I have been genuinely intrigued by WASM and have hacked on my own VM in spare time. One thing that disappoints me is the arbitrary invention of a new binary format for no apparent reason solving no apparent problems.
It would be better to use CBOR, or at least ELF. The former, especially, is not too far from WASM's format (both favor compact integer representation), and bears semblance to JSON which bears semblance to JS which bears semblance to WASM. It only makes too much sense. But WASM didn't take that direction, so we don't benefit from a highly extensible, simple and elegant format with widespread support.
I'm not sure ELF makes sense. ELF is all about the representation verbatim in memory, but at least for the executable segments, that's heavily abstracted for WASM. And describing alternate address spaces is always a hack in ELF, just see the craziness in AVR ELFs for an example.
How does this do anything to alleviate spectre and friends? Software isolation doesn't work (https://arxiv.org/abs/1902.05178), so the only protection you get is from process isolation, and I assume this doesn't change the OS mechanisms to enforce that.
It doesn't do anything directly about this. It makes it easier for you to choose other CPU's in the future. I guess Dagger as it is may _technically_ be invulnerable to spectre given it has no time reading support at all currently, but honestly part of the security here is done by the WebAssembly VM being slow enough the time spookiness doesn't happen as easily.
I think a lot of this is limited by existing OS mechanisms. I've been digging into seL4 to create a platform for WebAssembly code, but moving internationally eats up all your time. :(
> We might consider adjusting the precision of timers or removing them altogether as an attempt cripple the program’s ability to read timing side-channels.

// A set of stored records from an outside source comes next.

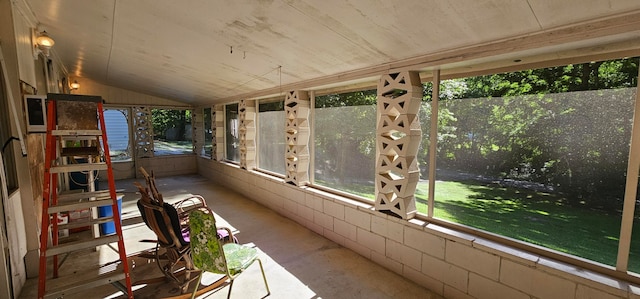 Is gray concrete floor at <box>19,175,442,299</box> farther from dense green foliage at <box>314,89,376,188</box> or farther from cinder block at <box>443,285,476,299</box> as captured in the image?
dense green foliage at <box>314,89,376,188</box>

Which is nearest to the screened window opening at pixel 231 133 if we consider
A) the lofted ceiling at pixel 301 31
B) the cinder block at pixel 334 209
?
the lofted ceiling at pixel 301 31

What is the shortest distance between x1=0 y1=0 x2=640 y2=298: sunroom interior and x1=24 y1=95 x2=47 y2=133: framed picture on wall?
4 cm

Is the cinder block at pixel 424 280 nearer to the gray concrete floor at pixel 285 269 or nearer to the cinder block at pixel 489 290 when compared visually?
the gray concrete floor at pixel 285 269

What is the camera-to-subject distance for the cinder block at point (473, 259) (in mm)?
2090

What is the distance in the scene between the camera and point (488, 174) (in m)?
2.35

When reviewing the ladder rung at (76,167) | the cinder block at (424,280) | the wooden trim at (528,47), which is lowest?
the cinder block at (424,280)

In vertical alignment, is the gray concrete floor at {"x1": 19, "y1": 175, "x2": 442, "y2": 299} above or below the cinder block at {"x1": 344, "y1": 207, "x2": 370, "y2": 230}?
below

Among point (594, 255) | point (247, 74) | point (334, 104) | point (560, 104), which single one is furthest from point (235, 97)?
point (594, 255)

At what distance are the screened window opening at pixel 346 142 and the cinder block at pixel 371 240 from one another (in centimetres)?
40

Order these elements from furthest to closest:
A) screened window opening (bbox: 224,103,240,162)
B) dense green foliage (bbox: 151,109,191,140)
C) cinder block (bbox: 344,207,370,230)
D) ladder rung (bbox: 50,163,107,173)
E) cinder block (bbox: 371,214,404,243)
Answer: dense green foliage (bbox: 151,109,191,140)
screened window opening (bbox: 224,103,240,162)
cinder block (bbox: 344,207,370,230)
cinder block (bbox: 371,214,404,243)
ladder rung (bbox: 50,163,107,173)

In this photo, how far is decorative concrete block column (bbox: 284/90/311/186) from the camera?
157 inches

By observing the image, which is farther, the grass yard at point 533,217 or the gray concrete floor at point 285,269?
the gray concrete floor at point 285,269

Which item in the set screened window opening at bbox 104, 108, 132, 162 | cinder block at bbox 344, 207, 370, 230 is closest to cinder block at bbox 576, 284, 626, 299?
cinder block at bbox 344, 207, 370, 230

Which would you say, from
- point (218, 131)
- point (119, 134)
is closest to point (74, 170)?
point (218, 131) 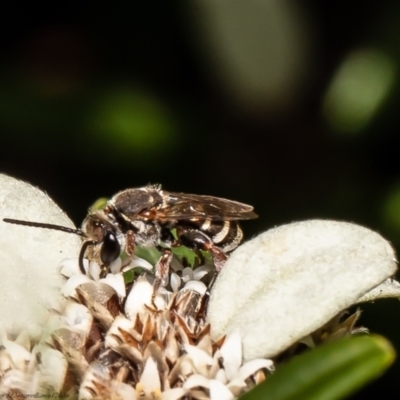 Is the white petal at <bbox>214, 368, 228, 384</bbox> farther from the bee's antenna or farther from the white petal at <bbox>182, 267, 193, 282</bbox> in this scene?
the bee's antenna

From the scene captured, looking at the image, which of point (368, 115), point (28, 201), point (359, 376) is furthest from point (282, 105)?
point (359, 376)

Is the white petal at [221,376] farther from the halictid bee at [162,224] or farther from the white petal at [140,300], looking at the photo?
the halictid bee at [162,224]

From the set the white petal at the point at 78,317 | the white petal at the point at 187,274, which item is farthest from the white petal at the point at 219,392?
the white petal at the point at 187,274

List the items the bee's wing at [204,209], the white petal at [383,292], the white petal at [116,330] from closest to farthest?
the white petal at [116,330] → the white petal at [383,292] → the bee's wing at [204,209]

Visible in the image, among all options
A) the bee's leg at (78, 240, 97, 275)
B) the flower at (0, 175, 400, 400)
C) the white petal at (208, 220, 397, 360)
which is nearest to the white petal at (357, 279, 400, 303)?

> Unfortunately we now know that this mitigation is not comprehensive. Previous research [30] has shown three problems with timer mitigations: (1) certain techniques to reduce timer resolution are vulnerable to resolution recovery, (2) timers are more pervasive than previously thought and (3) a high resolution timer can be constructed from concurrent shared memory. The Amplification Lemma from Section 2.4 is the final nail in this coffin, as it shows (4) gadgets themselves can be amplified to increase the timing differences to arbitrary levels.
I have been looking at doing things like arbitrarily limiting the WebAssembly execution engine to only run an instruction per microsecond. This would then make full execution speed something programs have to be configured to do rather than something they get by default. I still don't know though, this stuff gets tricky.
I think the ultimate goal for my implementation of this stuff is to remove anything higher than seconds resolution of time unless the program actually demonstrates a need for it. I'd like to have javascript and the browser processes be in separate machine processes, with javascript artificially only allowed to use 10% of the CPU time at max. Honestly I think that letting everything run at full speed on the CPU is probably a mistake.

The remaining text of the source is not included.